• _Problem requirements_: Leaving out the pictures, return word for word the stretch of entries below from the line holding "Vintage Oaks Senior" through the line holding "28 Interchange Way Unit 309 photo 3".

• _Records for processing_:
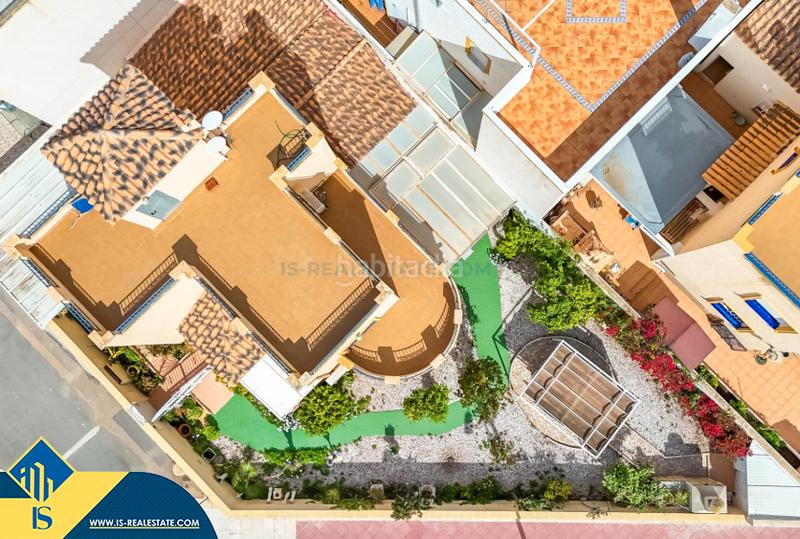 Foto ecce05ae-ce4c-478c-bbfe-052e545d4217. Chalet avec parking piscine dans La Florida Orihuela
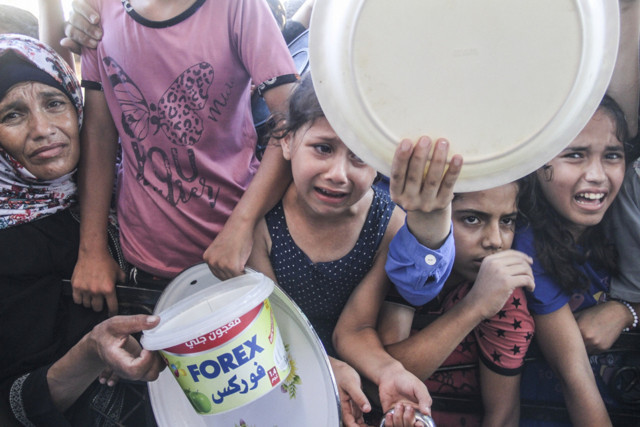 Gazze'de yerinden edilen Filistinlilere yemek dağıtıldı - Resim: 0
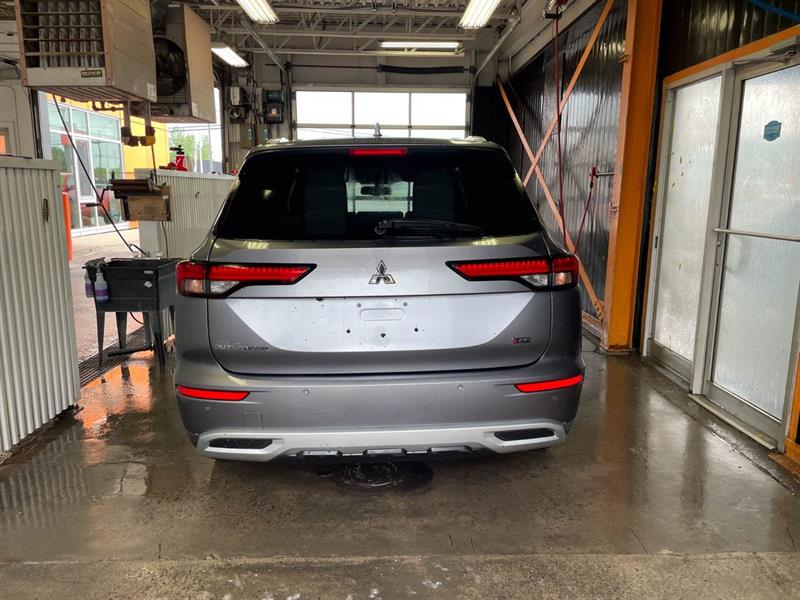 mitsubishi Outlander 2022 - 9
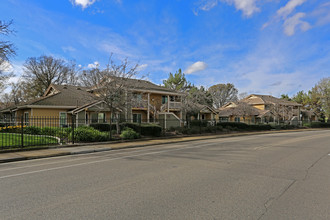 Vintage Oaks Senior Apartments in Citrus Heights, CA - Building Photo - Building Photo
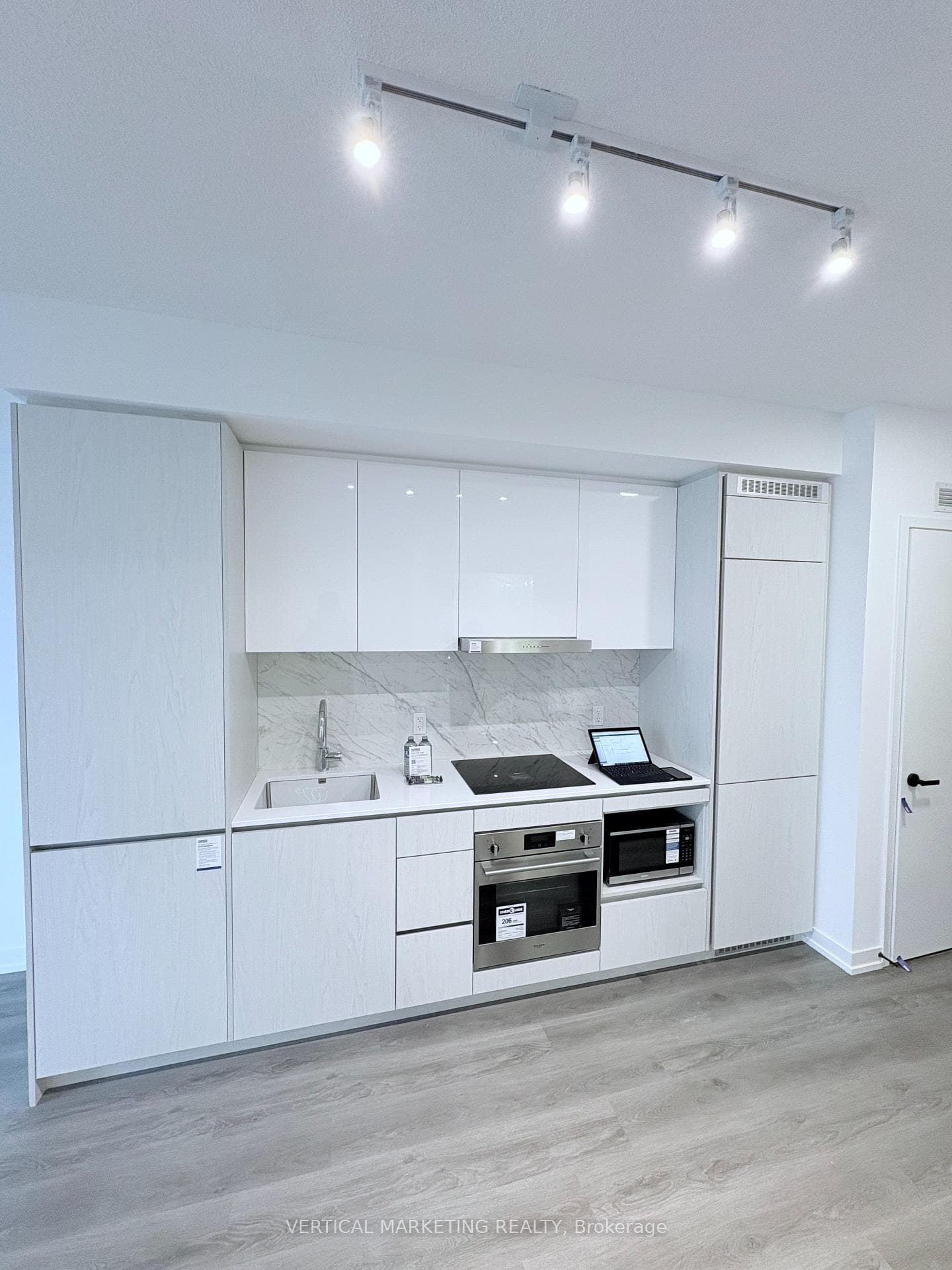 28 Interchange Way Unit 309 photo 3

* * *

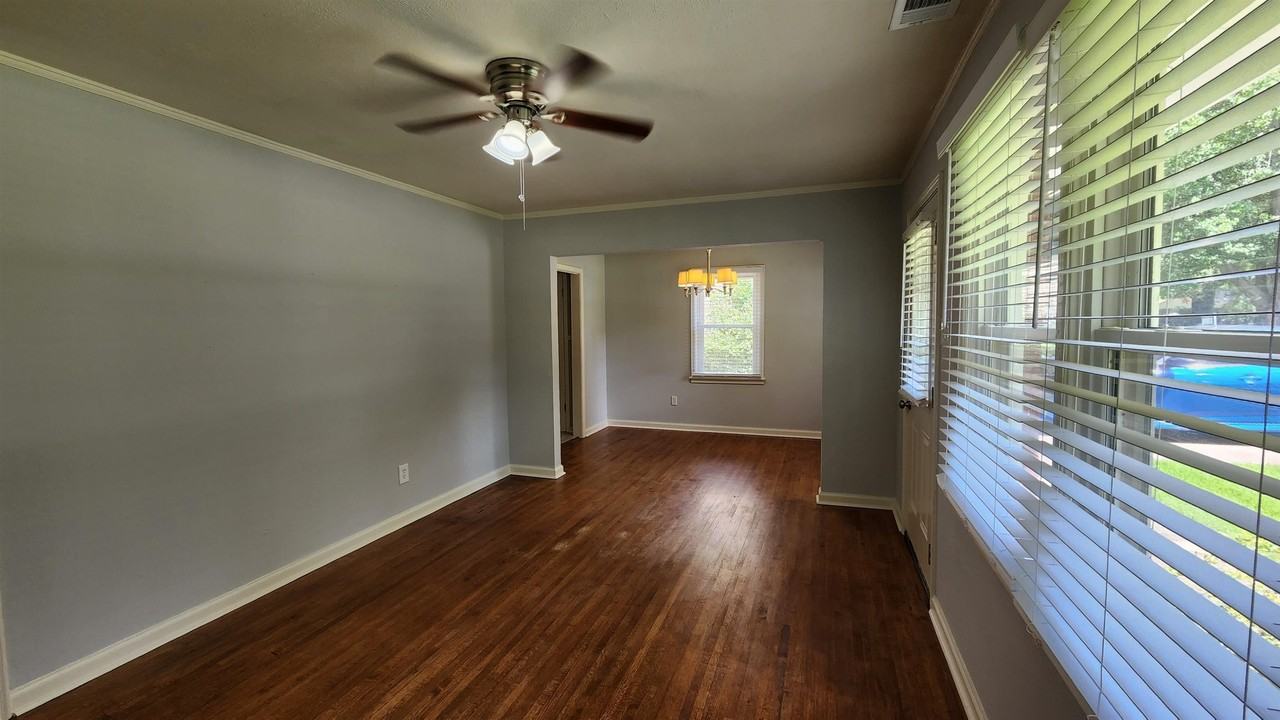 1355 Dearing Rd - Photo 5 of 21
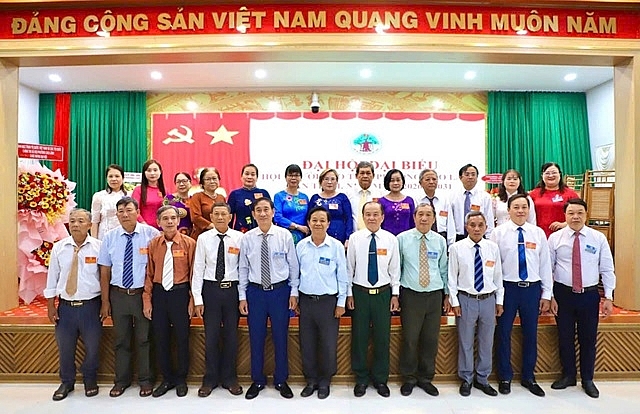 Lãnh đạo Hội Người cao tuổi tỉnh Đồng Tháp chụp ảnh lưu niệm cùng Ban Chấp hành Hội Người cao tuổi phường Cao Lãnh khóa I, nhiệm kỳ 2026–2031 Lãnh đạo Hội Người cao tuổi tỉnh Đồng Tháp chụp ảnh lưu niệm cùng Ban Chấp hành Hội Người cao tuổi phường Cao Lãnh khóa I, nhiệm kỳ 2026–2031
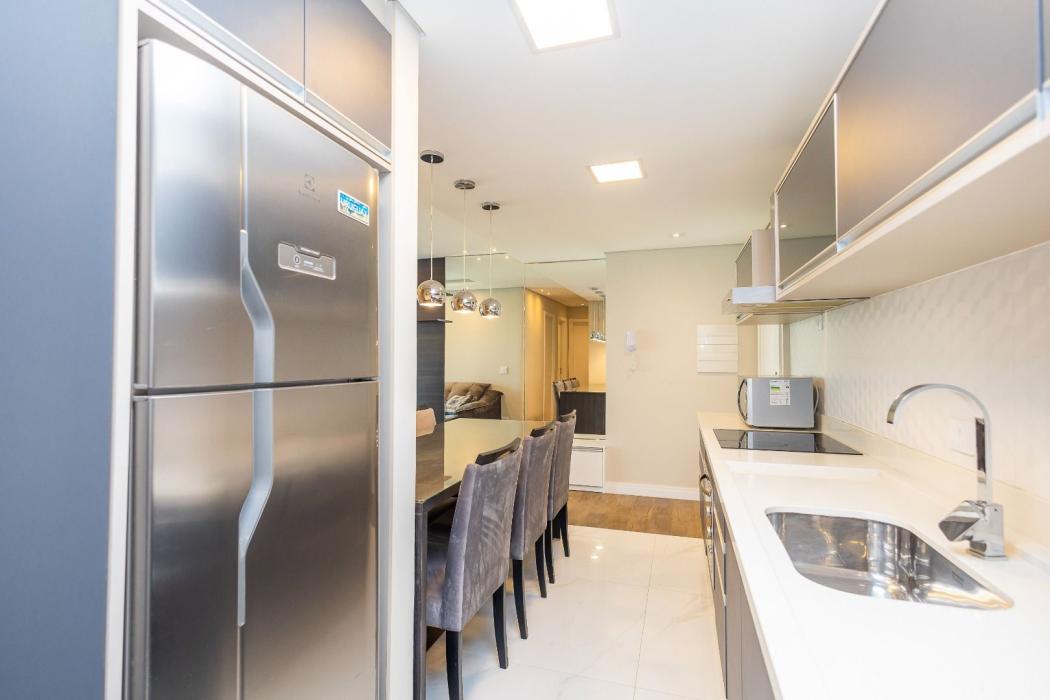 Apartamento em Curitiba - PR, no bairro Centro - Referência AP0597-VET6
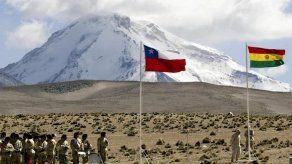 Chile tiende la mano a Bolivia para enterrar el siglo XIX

• _Reply to the task_:
 Vintage Oaks Senior Apartments in Citrus Heights, CA - Building Photo - Building Photo
 28 Interchange Way Unit 309 photo 3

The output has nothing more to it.